* Work request:
Word for word, reproduce every line of the data below.

* Excerpted data:
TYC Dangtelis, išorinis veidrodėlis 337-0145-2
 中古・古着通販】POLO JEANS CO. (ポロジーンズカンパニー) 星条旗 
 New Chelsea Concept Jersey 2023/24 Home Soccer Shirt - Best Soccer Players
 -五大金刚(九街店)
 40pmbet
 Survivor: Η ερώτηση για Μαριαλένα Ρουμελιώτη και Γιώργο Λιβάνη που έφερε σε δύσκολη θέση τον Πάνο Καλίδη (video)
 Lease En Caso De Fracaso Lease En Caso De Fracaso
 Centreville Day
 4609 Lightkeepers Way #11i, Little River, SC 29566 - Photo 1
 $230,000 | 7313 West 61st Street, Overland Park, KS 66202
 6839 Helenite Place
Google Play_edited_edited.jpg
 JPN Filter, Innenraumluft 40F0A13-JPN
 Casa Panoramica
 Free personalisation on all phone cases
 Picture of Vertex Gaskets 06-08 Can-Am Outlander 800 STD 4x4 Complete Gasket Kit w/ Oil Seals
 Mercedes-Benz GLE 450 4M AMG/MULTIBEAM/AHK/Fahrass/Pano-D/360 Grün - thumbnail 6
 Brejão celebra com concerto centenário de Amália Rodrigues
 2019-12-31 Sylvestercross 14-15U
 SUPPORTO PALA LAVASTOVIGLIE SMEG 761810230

* Answer:
TYC Dangtelis, išorinis veidrodėlis 337-0145-2
 中古・古着通販】POLO JEANS CO. (ポロジーンズカンパニー) 星条旗 
 New Chelsea Concept Jersey 2023/24 Home Soccer Shirt - Best Soccer Players
 -五大金刚(九街店)
 40pmbet
 Survivor: Η ερώτηση για Μαριαλένα Ρουμελιώτη και Γιώργο Λιβάνη που έφερε σε δύσκολη θέση τον Πάνο Καλίδη (video)
 Lease En Caso De Fracaso Lease En Caso De Fracaso
 Centreville Day
 4609 Lightkeepers Way #11i, Little River, SC 29566 - Photo 1
 $230,000 | 7313 West 61st Street, Overland Park, KS 66202
 6839 Helenite Place
Google Play_edited_edited.jpg
 JPN Filter, Innenraumluft 40F0A13-JPN
 Casa Panoramica
 Free personalisation on all phone cases
 Picture of Vertex Gaskets 06-08 Can-Am Outlander 800 STD 4x4 Complete Gasket Kit w/ Oil Seals
 Mercedes-Benz GLE 450 4M AMG/MULTIBEAM/AHK/Fahrass/Pano-D/360 Grün - thumbnail 6
 Brejão celebra com concerto centenário de Amália Rodrigues
 2019-12-31 Sylvestercross 14-15U
 SUPPORTO PALA LAVASTOVIGLIE SMEG 761810230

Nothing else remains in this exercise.